For Republicans, the candidate who receives a majority of the statewide vote wins 29 at-large delegates. If no one wins a majority, candidates who surpass 20% of the vote divide those 29 delegates proportionally. Each of the seven congressional districts awards three delegates, either giving all of them to the candidate who wins a majority or, if no candidate reaches 50%, dividing them proportionally among candidates who surpass 20%.


The results of previous contests in this campaign so far will help analyze the vote returns from Alabama. The results from another southern state, South Carolina, may be particularly instructive. Haley has performed best in areas that vote heavily Democratic in general elections, while Trump has been dominant in Republican-voting areas. This dynamic has not worked out in Haley’s favor in a Republican primary. In New Hampshire, she beat Trump in heavily Democratic areas but lost in other areas, including those that lean Democratic, thereby losing statewide. The same was true in South Carolina, only to a larger degree. She carried heavily Democratic areas by a smaller margin than in New Hampshire and lost by bigger margins in the rest of the state.
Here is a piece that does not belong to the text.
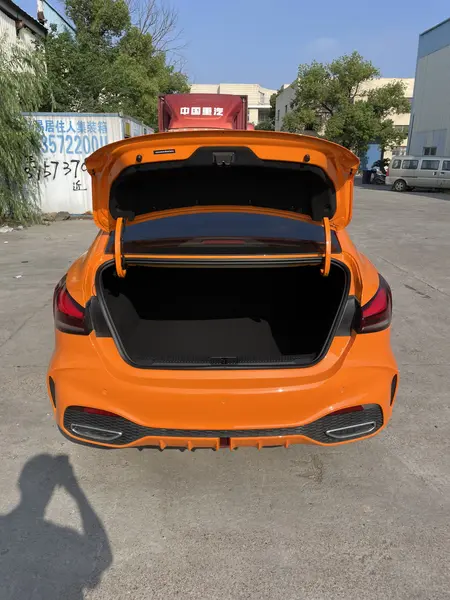 catalog-car-12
Trump won the 2016 primary here by more than 20 points over U.S. Sen. Ted Cruz of Texas. The more moderate option that year, former Ohio Gov. John Kasich, was a distant fifth place with only 4% of the vote. Alabama’s political wiring works heavily in Trump’s favor and doesn’t show any clear paths to victory for Haley.

For the Democrats, Biden has faced only nominal opposition from Phillips, who has failed to have much of an impact in primary contests so far. In Michigan, Phillips lost to both “uncommitted” and to self-help author Marianne Williamson, who “unsuspended” her campaign on Wednesday. Biden carried more than 80% of the statewide vote. There’s no evidence to show that Phillips will have an outsize impact on Alabama than he has in other contests so far.

State and local primaries with more than two candidates are eligible for a runoff to determine who will appear on the November ballot if no candidate receives more than 50% of the vote. In that case, the top two candidates in a party’s primary advance to the runoff primary in April.

The AP does not make projections and will declare a winner only when it’s determined there is no scenario that would allow the trailing candidates to close the gap. If a race has not been called, the AP will continue to cover any newsworthy developments, such as candidate concessions or declarations of victory. In doing so, the AP will make clear that it has not yet declared a winner and explain why.


Turnout in the 2022 state primaries was 5% of registered voters in the Democratic primaries for governor and U.S. Senate and 18% in the Republican primaries.

In the 2022 primaries, pre-Election Day voting made up about 4% of the total vote in the Democratic statewide primaries and about 2% in the Republican contests.


In the 2022 primary election, the AP first reported results at 8:23 p.m. ET, or 23 minutes after polls closed. The election night tabulation ended at 3:06 a.m. ET with about 99% of total votes counted.


As of Super Tuesday, there will be 132 days until the Republican National Convention in Milwaukee, 167 days until the Democratic National Convention in Chicago and 245 until the November general election.